A welcome follow-up to the disastrous, turgid Changeling, Gran Torino is one of Eastwood's quick-and-dirty(-Harry) productions, which means that while there are more than a few rough edges (especially the mainly fresh-faced cast, which isn't served well by Eastwood's direction or the occasionally corny dialogue), its overall workmanlike charm wins over, delivering upon our expectations of what an Eastwood film ought to be and adding a few witty twists. At first, Walt is played largely for laughs—broad ones, too—with his imprudent habit of addressing the local hoods with ethnic slurs and then pointing a cocked thumb and forefinger at them. Later, as such a set-up demands, he wins our sympathy and respect by forging some kind of racial reconciliation. He befriends the Lor family next door, first by inadvertently protecting them from a local gang while aggressively (and literally) defending his turf, then by teaching their recalcitrant son Thao a thing or two about being a macho handyman. With this contrast of the comical and the cloying, there is a mock-epic (or mid-Western) tone throughout the film, which is reflected in Kyle Eastwood and Michael Stevens’s alternately parodic and drippy score. A martial snare heralds each of Walt's surges of violence, a wistful Western guitar serenades his porch-bound PBR binges, and a thunderously literal title song caps the movie and follows the credits. (This final cue, a tunelessly jazzy number penned by both Eastwoods and a roomful of songwriters, is even partly sung by Clint in a hoarse, sultry whisper.)

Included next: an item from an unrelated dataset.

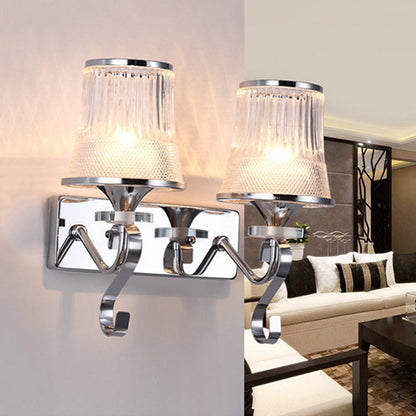 Rynx | Vintage Style Bell Wall Light Clear Glass 2 Lights Bedroom Gold Finish Wall Lamp with Crystal Accent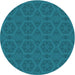 Square Machine Washable Transitional Dark Turquoise Green Rug in a Living Room, wshpat2986lblu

But though Eastwood is not above self-deprecation and, here, downright silliness, Gran Torino is no orangutan movie. Throughout, there is that familiar undercurrent of real violence, the sudden and dramatic escalation of which is common in many Eastwood films. Typically, this ratcheting culminates in a particularly ugly act—the rape of an innocent or murder of a weak character—which enrages Eastwood into action and therefore redemption. But quite unexpectedly, this act forces Walt, not into living out a Dirty Harry "right-wing fantasy," but something else entirely. For like many a white working-class American this year, Gran Torino has the hawkish appearance of a McCain voter right until the last second, before veering in the other direction. In its ending, it confirms that Walt’s generation of high-principled, no-bullshit white men shares much the same ethic of hard work and sacrifice with the various immigrant communities in the United States. This leaves Walt in a rather less equivocally heroic place than Bill Munny, disappearing into the west at the end of Unforgiven, or Frankie Dunn, evaporating into the ether at the end of Million Dollar Baby. In some ways, Eastwood’s character finally manages to emerge from the shadows in Gran Torino, outliving his past rather than merely fleeing it. Gracefully ushering change into the world, rather than grousing it off its lawn, the old makes way for the new, imparting a few grandfatherly lessons on its way out the door. Somehow, I think even Pauline would approve.